Italy’s supreme court upheld a jail sentence against Silvio Berlusconi for tax fraud in a devastating blow to the former prime minister that could throw the country’s fragile coalition government into crisis.

Berlusconi’s prison sentence upheld

After a three-day hearing, the five judges of the supreme court yesterday rejected Berlusconi’s final appeal against the verdict handed down by two lower courts in Milan which sentenced the media mogul to four years in jail — commuted to one year under an amnesty.

But the top judges ordered a judicial review by a Milan court of the second part of his sentence, a five- year ban from public office.

This will enable him to remain as a senator and as leader of his centre-right People of Freedom Party (PDL) for the moment.

He was convicted over the fraudulent purchase of broadcasting rights by his Mediaset television empire.

It was the 76-year-old’s first definitive conviction in up to 30 court cases on charges ranging from fraud and corruption to having sex with an under aged prostitute. He accuses leftist magistrates of relentlessly trying to remove him from politics since he stormed onto the scene in 1994.

The verdict could not only end Berlusconi’s 20- year domination of Italian politics but destabilise Prime Minister Enrico Letta’s government and send tremors across the eurozone. The economy is ruled by a fractious coalition of Letta’s centre-left Democratic Party (PD) and Berlusconi’s PDL.

The former premier has repeatedly said the government must not fall whatever the verdict but PDL hawks had called for a mass walkout of its ministers and public protests including blocking motorways with demonstrations if he was convicted.
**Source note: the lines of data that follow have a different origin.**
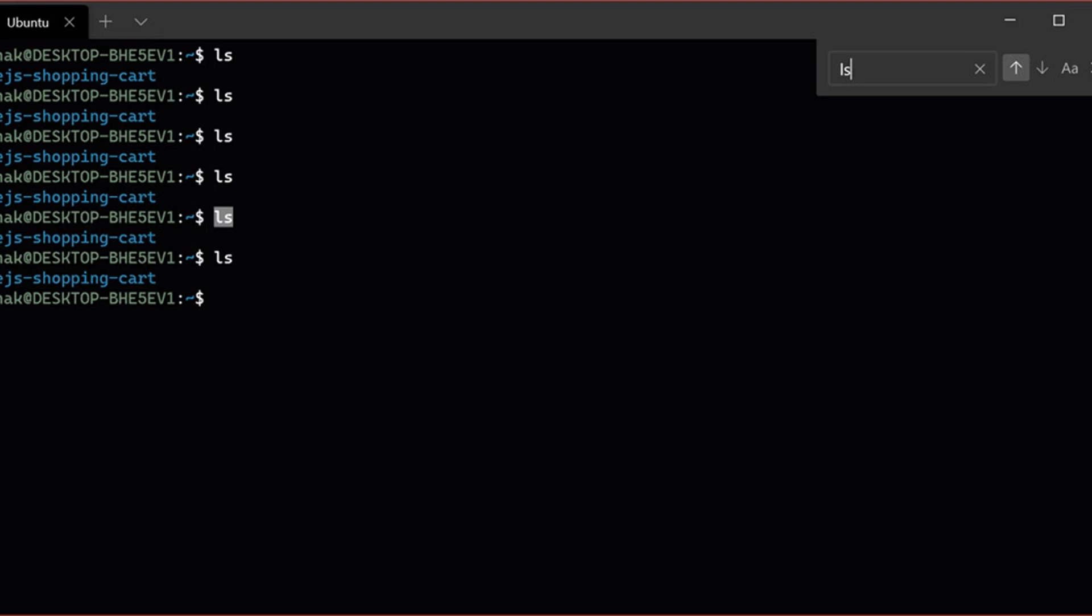All of these improvements follow a recent update to Windows Terminal that introduced split view support. You can now have multiple command prompts open side-by-side in the same tab within terminal.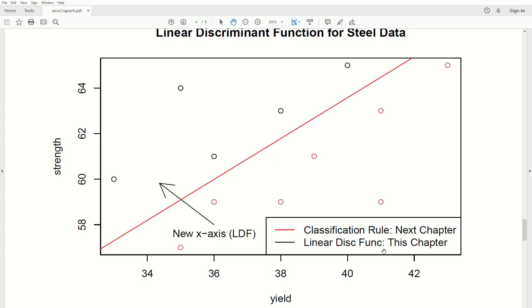This red line is called a classification rule, and the next chapter covers how to calculate the line that best separates the two populations.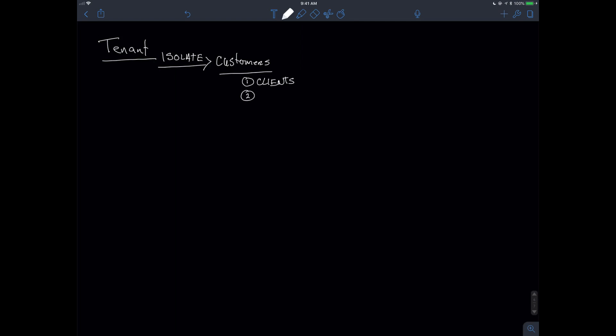In a multi-tenancy environment, I could use tenants to represent business units. I could also use a tenant to represent one individual group inside of a business unit from one another. So you can see it serves some significant purpose.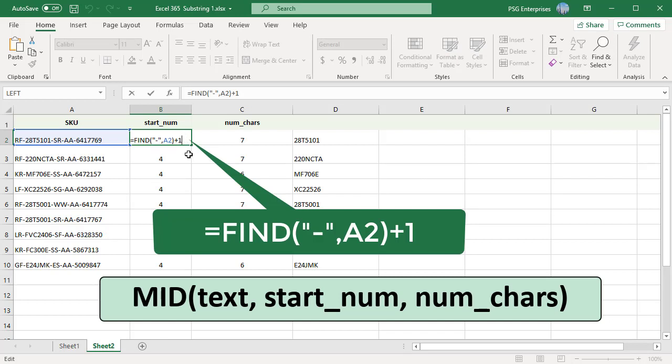Use FIND or SEARCH based on what you want to search. FIND is case sensitive, SEARCH is not case sensitive and can search using wildcard characters.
Supporters of Berlusconi demonstrated outside his Rome home before the verdict.

A greater threat to the government could come from the faction-ridden PD, many of whose members are unhappy with ruling in coalition with Berlusconi’s party and could rebel.

Because of his age, Berlusconi can carry out community service or submit to house arrest, but the sentence is unlikely to take effect until the autumn because of bureaucratic delays.